You can imagine this operation running without needing `fred.png` to be
completely decompressed first. You just read 10 lines from `fred.png` for
every one line you write to `jim.png`.
To help in this case, libvips has a hint you can give to loaders to say
"I will only need pixels from this image in top-to-bottom order". With
this hint set, libvips will hook up the pipeline of operations directly
to the read-a-line interface provided by the image library, and add a
small cache of the most recent 100 or so lines.
There's an extra unbuffered sequential mode where vips does not keep a
cache of recent lines. This gives a useful memory saving for operations
like copy which do not need any non-local access. 
# Debugging
There are a few flags you can use to find out what libvips is doing.

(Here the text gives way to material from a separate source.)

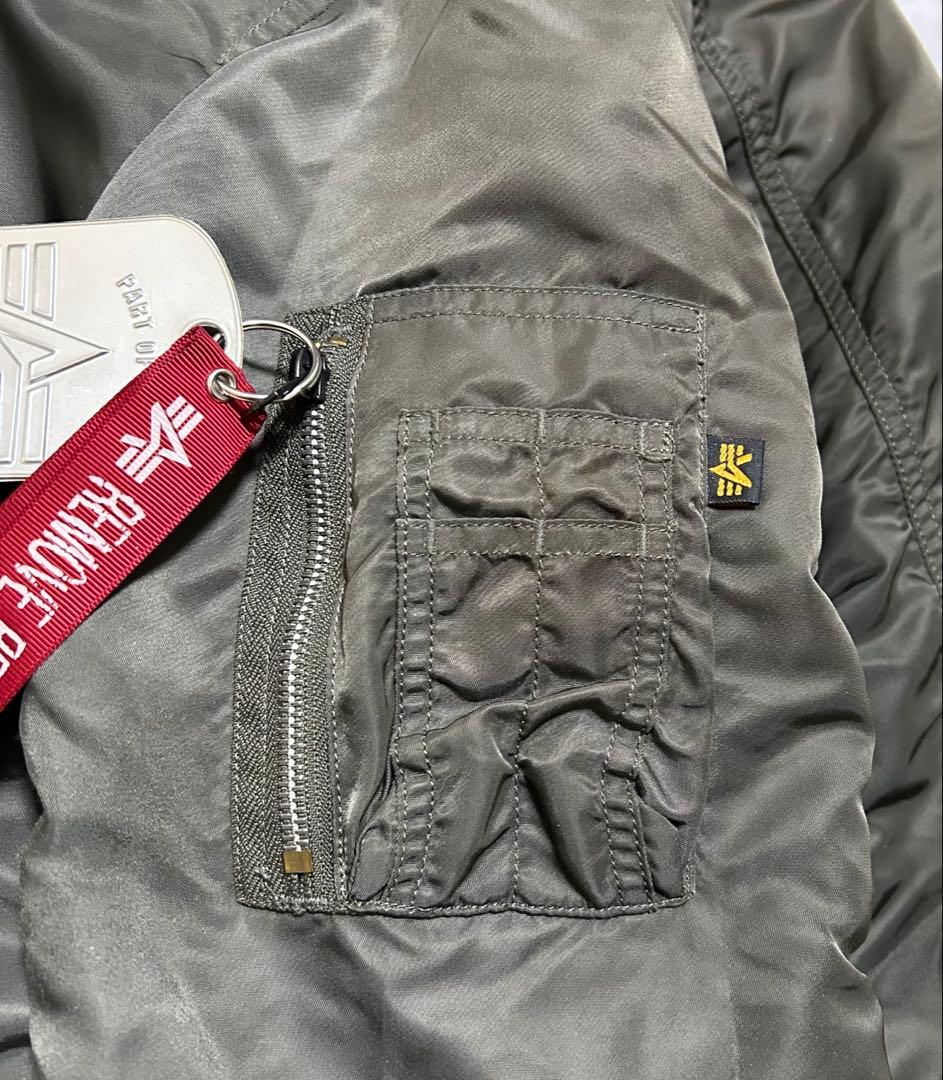 ALPHA MA-1 フライトジャケット エンブレム 刺繍 Lサイズ カーキ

`--vips-leak` This makes libvips test for leaks on program exit. It checks
for images which haven't been closed and also (usefully) shows the memory
high-water mark. It counts all memory allocated in libvips for pixel buffers.
`--vips-progress` This makes libvips show a crude progress bar for every major
image loop, with destination and elapsed time. You can see whether images
are going to disc or to memory and how long the decompression is taking.
`--vips-cache-trace This shows a line for every vips operation that executes,
with arguments. It's part of vips8, so it doesn't display vips7 operations,
sadly.
# Summary
libvips tries hard to do the quickest thing in every case, but will
sometimes fail. You can prod it in the right direction with a mixture of
hints and flags to the load system.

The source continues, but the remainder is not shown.